Slowly the morning breaks. Birds sounding off through the open window. I stretch back into child pose while using the softness of the mattress for an easy morning stretch to get the blood flowing. While sitting back in pose my mind wonders. I let it. Why the tears?
MS Can have the tendency to mess with ones emotions. Often new MS patients are put on anti-depressants to help balance out their newly found roller-coaster of emotions. This was one of those mornings. Feeling incredibly low, taking advantage of child's pose it struck me. Last night I was informed that our family was celebrating our fathers 80th birthday in three different locations/times mainly due to my MS.
Frustrating! But I have to remind myself that my siblings both choose to live in the desert which I can't visit during the majority of the year due to the heat. Of course this then bothers me because they choose to live and raise their children in a place I can't visit which is hard not to find as a slam. Although its not about me right?

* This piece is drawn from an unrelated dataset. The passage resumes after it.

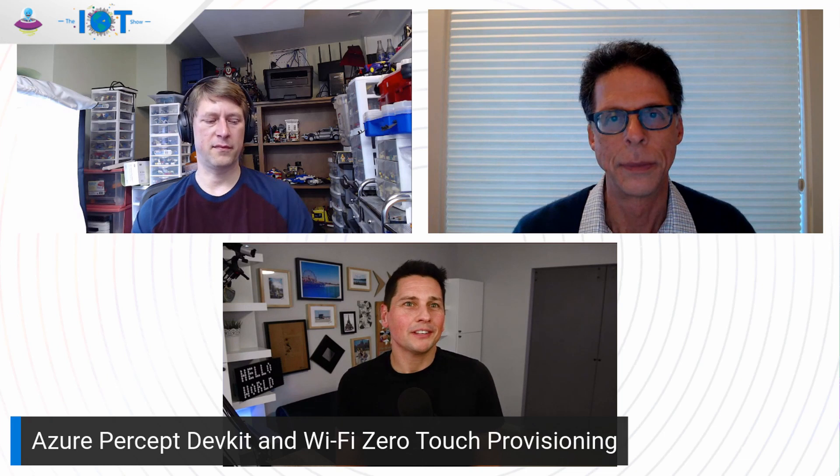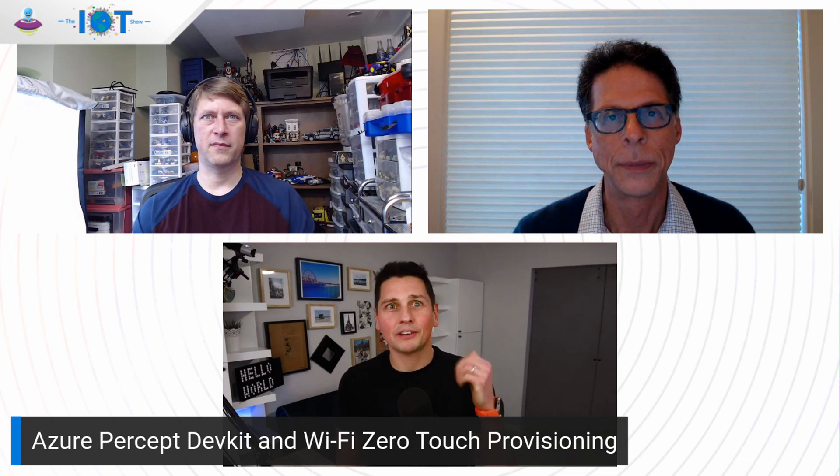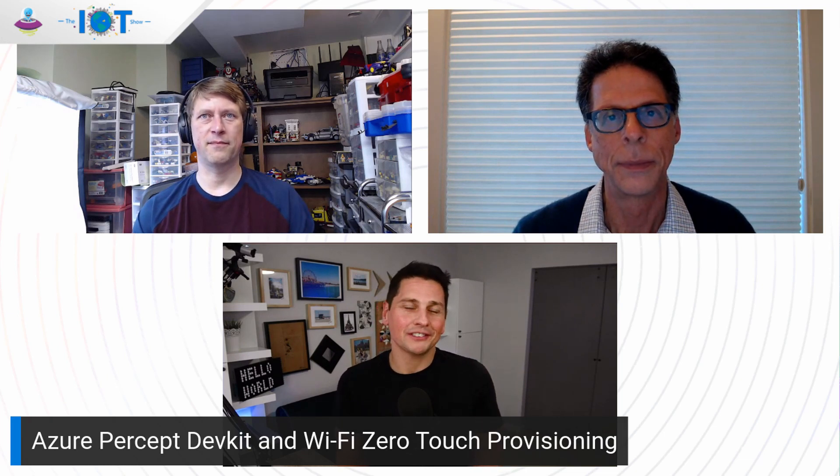You're watching the Internet of Things Show. I'm Olivier, your host, and we'll be talking about zero-touch provisioning with Wi-Fi and the Azure Percept Kit today. For that, we have Keith from the Azure Devices and Platforms team, as well as Michael, who is from Aruba. You'll see why we have Michael over here — it's a super interesting topic.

The fact is, the folks made a plan that works with everyones issues. But it's hard not to feel like a worthless shmuck over this. I want to see my nephews and celebrate as a family. But that is not the plan so move along. Move along....Breathe. Visualize. Adjust. Breathe. Move on....
Yoga move for the moment:
Balasana or Child's Pose.
Benefits include gentle stretching of the hips, thighs, ankles, back. It gentles the mind....
What's your favorite morning stretch or routine?